Il biologo continua la sua riflessione: «Viviamo in un mondo letteralmente pieno di creative potenzialità evolutive ed è abbastanza ragionevole chiedersi perché sia così. Per una persona di fede, la risposta a questa domanda è Dio. La scienza si avvale di un tipo di fede, una fede condivisa da tutti gli scienziati, siano essi religiosi nel senso convenzionale o meno. La scienza si basa su una fede che il mondo è comprensibile, e che ci sia una logica nella realtà che la mente umana può esplorare e comprendere. Contiene anche, come un articolo di fede scientifica, che tale esplorazione valga la pena, perché la conoscenza è sempre da preferire all’ignoranzaL’errore categorico dell’ateo è di assumere che Dio è naturale, e dunque è all’interno del regno della scienza, da indagare e da provare. Facendo Dio una parte normale del mondo naturale, e non riuscendo a trovarlo lì, essi concludono che Egli non esiste. Ma Dio non è e non può essere parte della natura. Dio è la ragione della natura, la spiegazione del perché delle cose. Egli è la risposta alla esistenza, non parte della stessa esistenza». Con buona dimestichezza anche in campo fisico e filosofico, afferma: «C’è grande ingenuità nel presupporre che la nostra presenza nell’universo si spieghi da sé, e non richieda una risposta. Molti di coloro che rifiutano Dio, implicano che le ragioni naturali per l’esistenza di un mondo ordinato non siano da ricercare. Le leggi della natura esistono semplicemente perché sono, o perché ci troviamo in uno degli innumerevoli “multiuniversi” in cui il nostro sembra essere ospitale per la vita. Non c’è bisogno di chiedersi perché sia così, o indagare il meccanismo che genera tanti mondi. La curiosità del teista che abbraccia la scienza è più grande, non minore, perché egli cerca una spiegazione che è più profonda di quanto la scienza può offrire, una spiegazione che comprende la scienza, ma cerca la ragione ultima per cui la logica della scienza dovrebbe funzionare così bene. L’ipotesi di Dio non viene da un rifiuto della scienza, ma da una curiosità penetrante che si chiede perché la scienza sia ancora possibile, e perché le leggi della natura esistono per noi da scoprire».

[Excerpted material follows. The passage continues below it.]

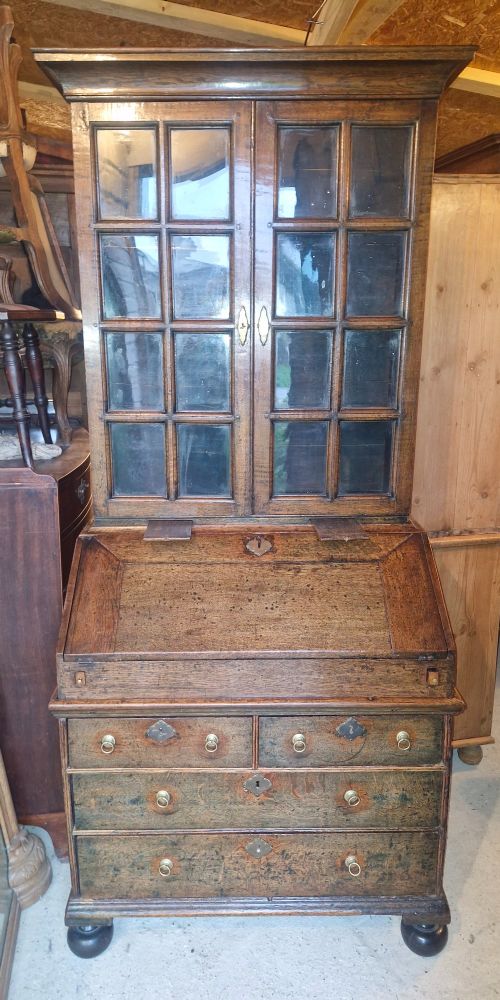 An antique oak bureau bookcase featuring a two-door glazed upper section, a slant-front writing desk, candle slides, and lower drawers raised on bun feet. View II
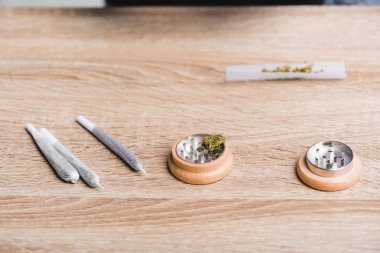 joints with medical marijuana and herb grinder on table  clipart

Dando uno sguardo anche alle religioni, evidenzia che «rifiutare Dio a causa delle auto-contraddizioni e mancanze logiche della religione organizzata, sarebbe come rifiutare la fisica a causa delle contraddizioni intrinseche della teoria quantistica e della relatività generale. La scienza, tutta la scienza, è necessariamente incompleta, questa è, in effetti, la ragione per cui tanti di noi trovano la scienza tonificante e appagante. Perché, allora, dovremmo essere sorpresi che anche la religione è incompleta e contraddittoria? Non abbandoniamo la scienza perché i nostri sforzi umani per avvicinarsi alle grandi verità della natura sono a volte ostacolati da errori, avidità, disonestà, e anche di frode. Perché allora dovremmo dichiarare la fede una “delusione”, perché è soggetta esattamente alle stesse carenze?». E conclude: «Oggi, la scienza va avanti e il mistero rimane. C’è un posto per la fede autentica nel mondo della scienza? In effetti c’è. Lungi dall’essere in contrasto con essa, l’ipotesi di Dio convalida, non solo la nostra fede nella scienza, ma il nostro vero piacere, soprattutto per i doni di conoscenza, amore e vita».